What it means for you#

  • Consumers and clients

    • You can look up who is registered, their status, and discipline outcomes on a public register and websites.
    • You can submit complaints about a professional’s conduct. Decisions must be fair, timely, and reasons must be given.
    • The law limits misleading advertising and the misuse of professional titles. Courts can stop unauthorized practice.
  • Professionals (engineers, architects, veterinarians, accountants, technologists, etc.)

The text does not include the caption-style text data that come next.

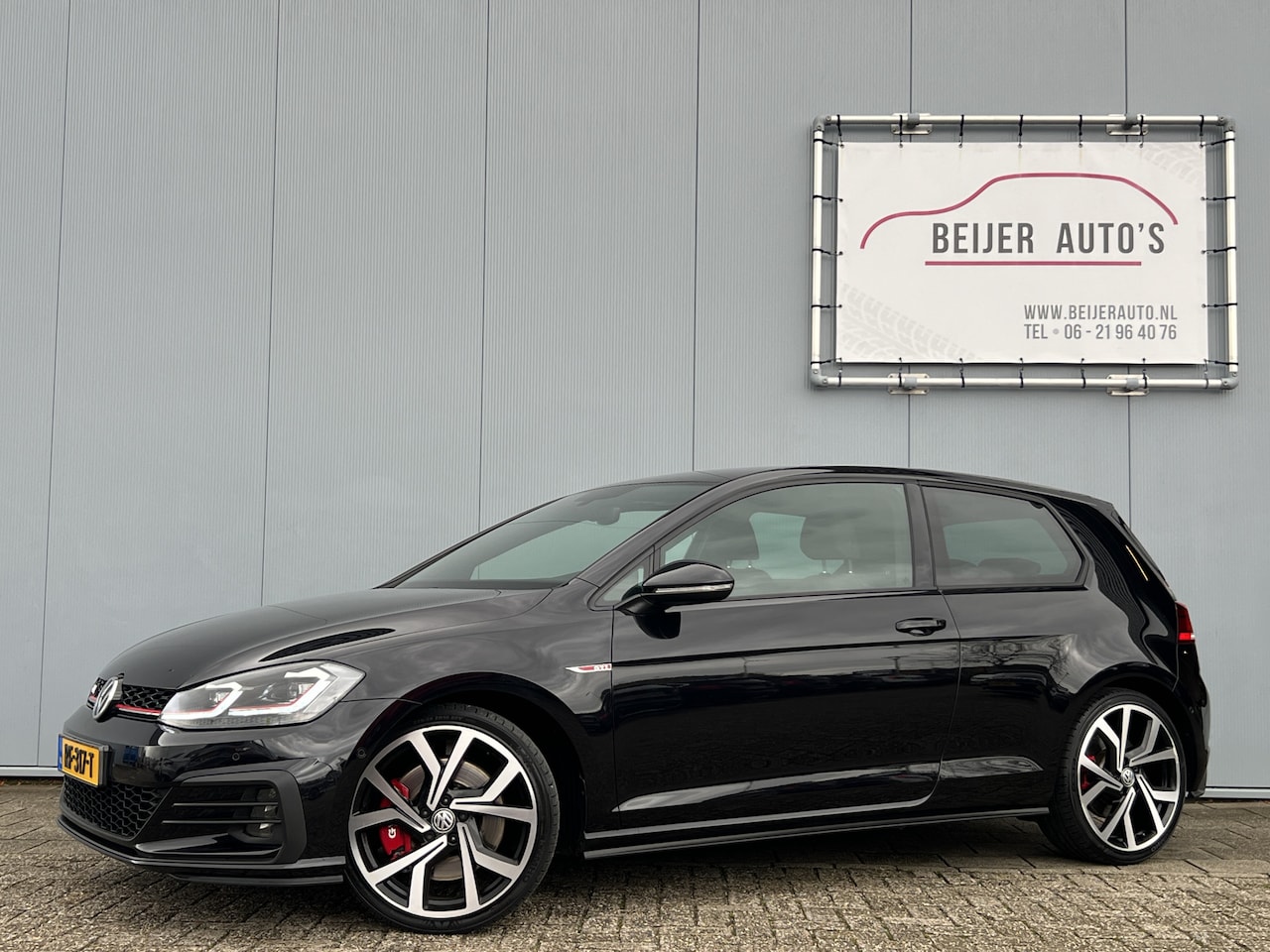 Volkswagen Golf - 2.0 TSI GTI Performance Automaat Apple Carplay/Camera. - AutoWereld.nl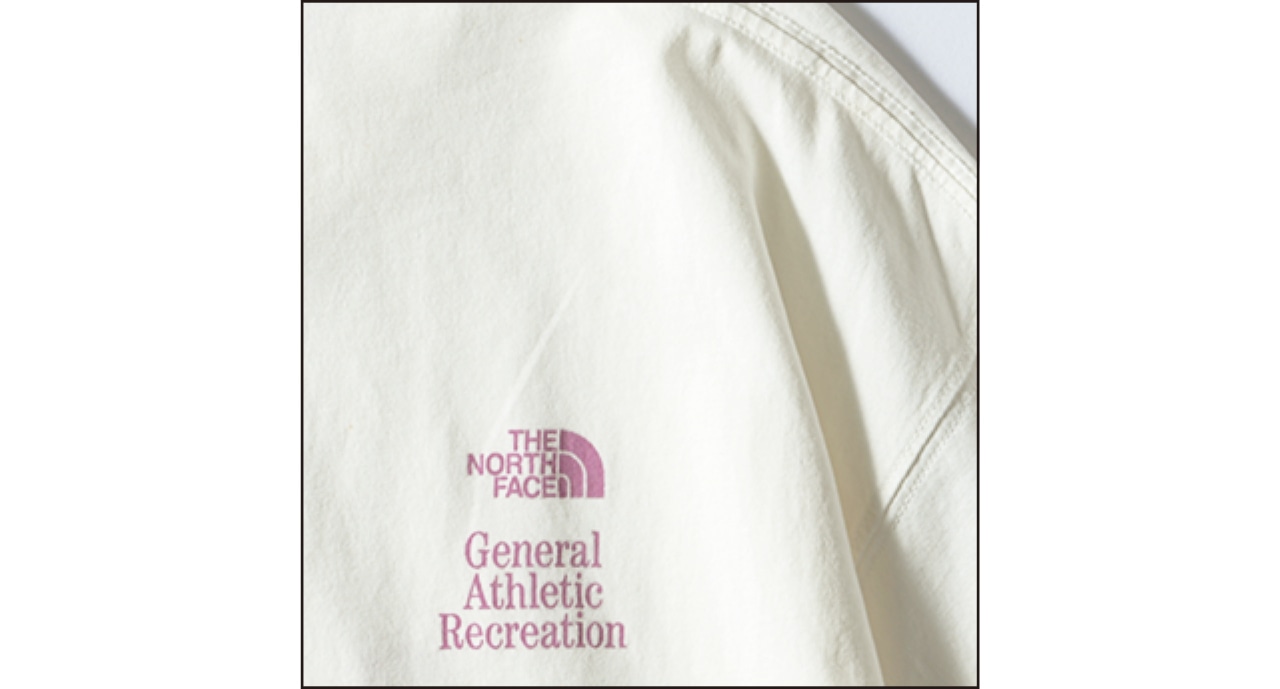 右の肩甲骨あたりにブランドとライン名のダブルロゴを配置し、後ろ姿もキャッチーに。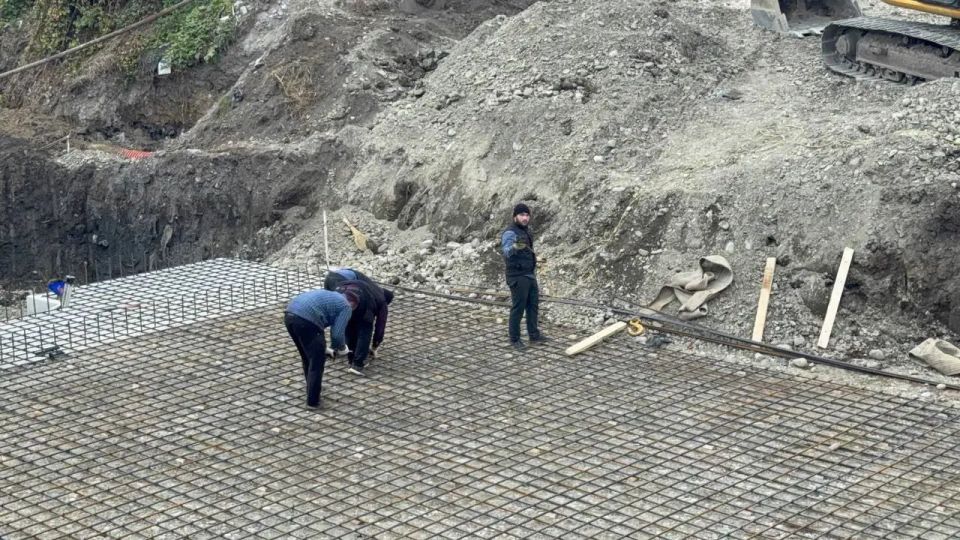 Ингушские единороссы проверили ход реконструкции моста в Карабулаке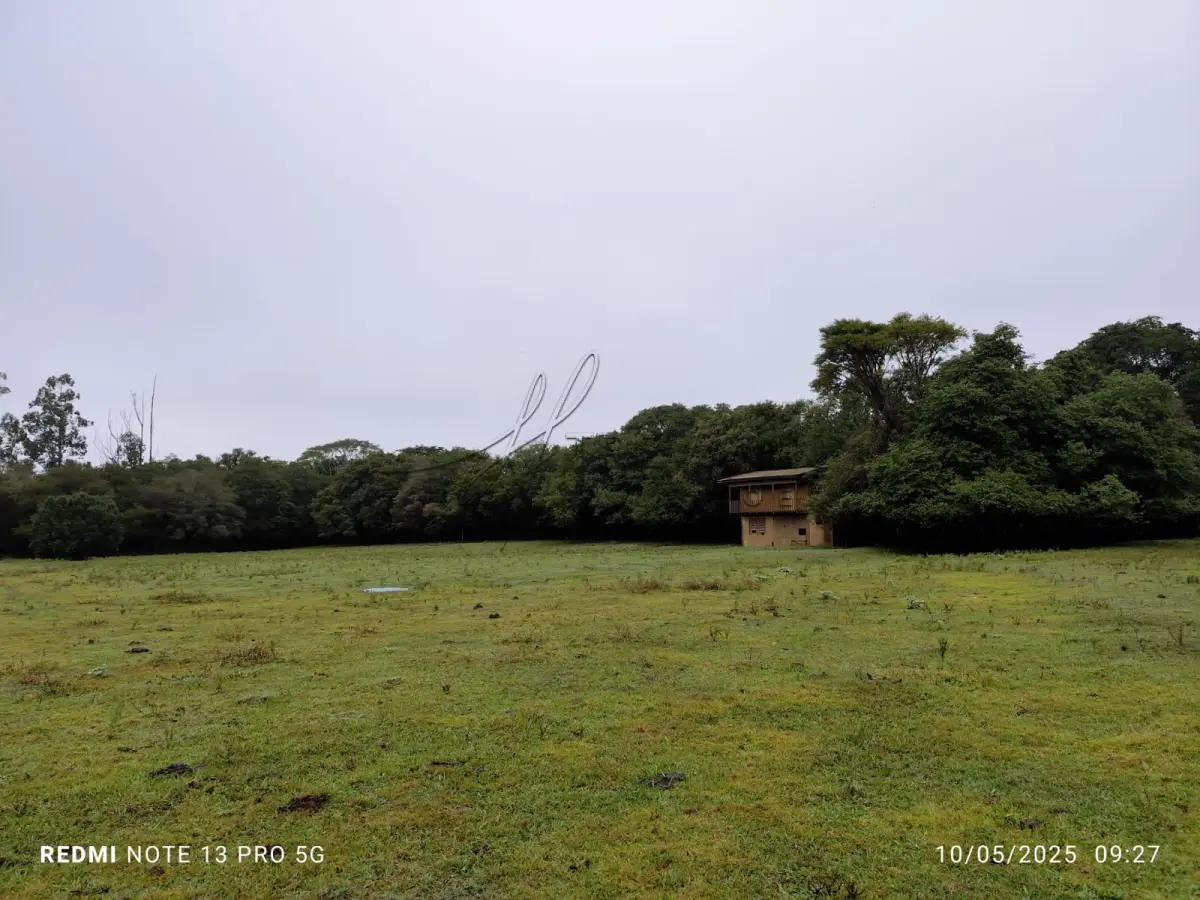 Sítio com 21 hectares, com casa de moradia, na localidade de Lima Brandão / Rio Pardo, RS.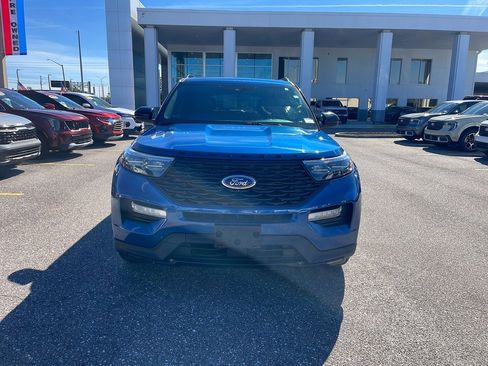 Certified 2022 Ford Explorer ST-Line w/ Class IV Trailer Tow Package image 3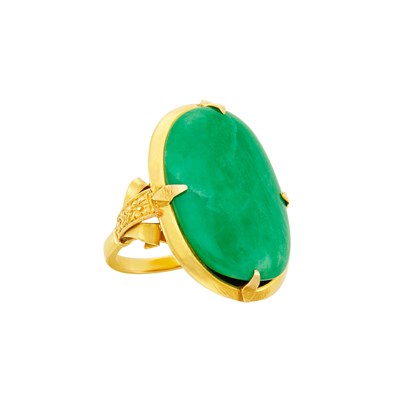 Lot 96 - Gold and Jade Ring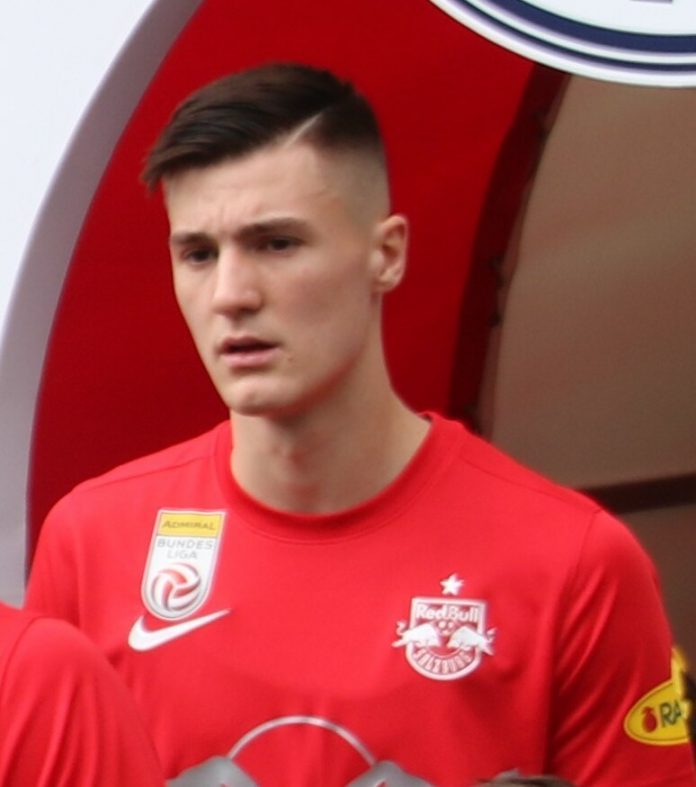 01-sesko-salzburg-portrait Бенјамин Шешко во дресот на Ред Бул Салцбург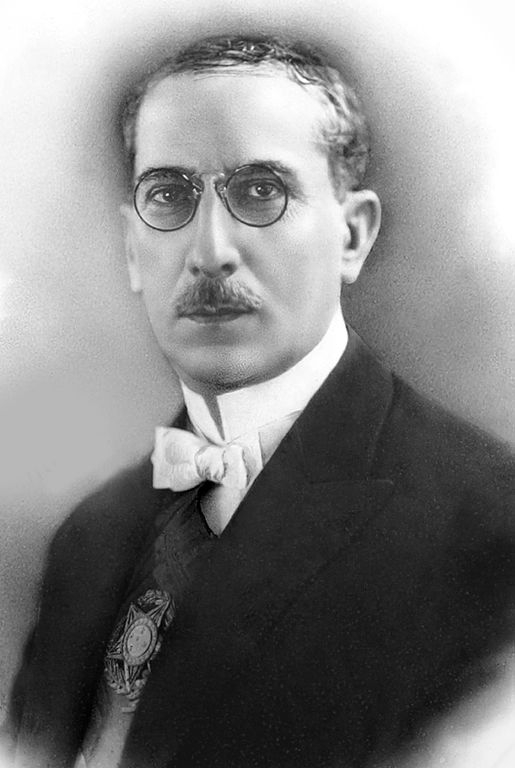 Brasil: 12 de outubro - Em 1924, o então presidente Arthur Bernardes sancionou decreto instituindo a data. Um ano antes, nesse mesmo dia, o Rio de Janeiro havia sediado o Congresso Sul-Americano da Criança, inspiração para a data. No entanto, até os anos 50 ela passou batida, sem feriado ou mobilização do comércio.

    • Common, clearer rules for getting and keeping registration, including continuing competence requirements.
    • A standard complaints and discipline process with rights to appeal. Discipline and sanctions will be published.
    • You must report serious issues about other registrants and comply with codes of ethics, practice standards, and competence programs.
    • Regulators cannot set or negotiate your professional fees and cannot act as bargaining agents.
    • Temporary registration is possible for certain projects and interprovincial mobility is recognized.
    • Use of “specialist,” student titles, stamps or seals, and restricted titles must follow the Act and regulations.
  • Internationally trained applicants and students

    • Pathways recognize equivalent competence from other jurisdictions if criteria are met. Language and good character rules may apply.
    • Students may use specific titles while in training, under set limits.
  • Business entities and employers

    • If authorized, firms that provide professional services may need to register as business registrants and meet set conditions (e.g., quality control, insurance, supervision).
    • Shareholders and managers of professional corporations have defined duties and liabilities tied to the professional practice.
    • Municipalities cannot require a separate municipal licence to carry on a regulated profession, but other business rules still apply.
  • Professional associations and regulators

    • Must include public members, publish annual reports and directories of officials, make and consult on codes and practice standards, and maintain transparent processes.
    • Can apply to merge with other bodies, and must cooperate with oversight, inspections, and any Ministerial directions.

Expenses#

No publicly available information.

Proponents' View#

  • Improves public protection with clear, common rules, more transparency, and public members on decision‑making bodies.
  • Modernizes a patchwork of older laws into one framework, reducing confusion and enabling consistent standards across professions.
  • Speeds labour mobility and recognition of qualified professionals from other jurisdictions while keeping competence checks.
  • Strengthens tools to address poor conduct or unsafe practice, including timely suspensions, court enforcement, and published decisions.
  • Keeps markets competitive by banning regulators from setting professional fees or acting as bargaining agents.
  • Allows mergers and business registration options to reflect how services are delivered today.

Opponents' View#

  • Centralizes power with the Minister and government officers, which some see as weakening self‑regulation and risking politicization.
  • Transition may be complex and costly for regulators and members (new bylaws, systems, training, and reporting).
  • One‑size‑fits‑all rules could overlook profession‑specific needs or create added red tape.
  • Strong penalties and broad investigative powers may raise due‑process or privacy concerns.
  • Business registration rules and liability provisions could increase compliance costs for firms and affect service availability, especially in smaller communities.
  • Lack of clear cost estimates makes the financial impact on government, regulators, and professionals uncertain.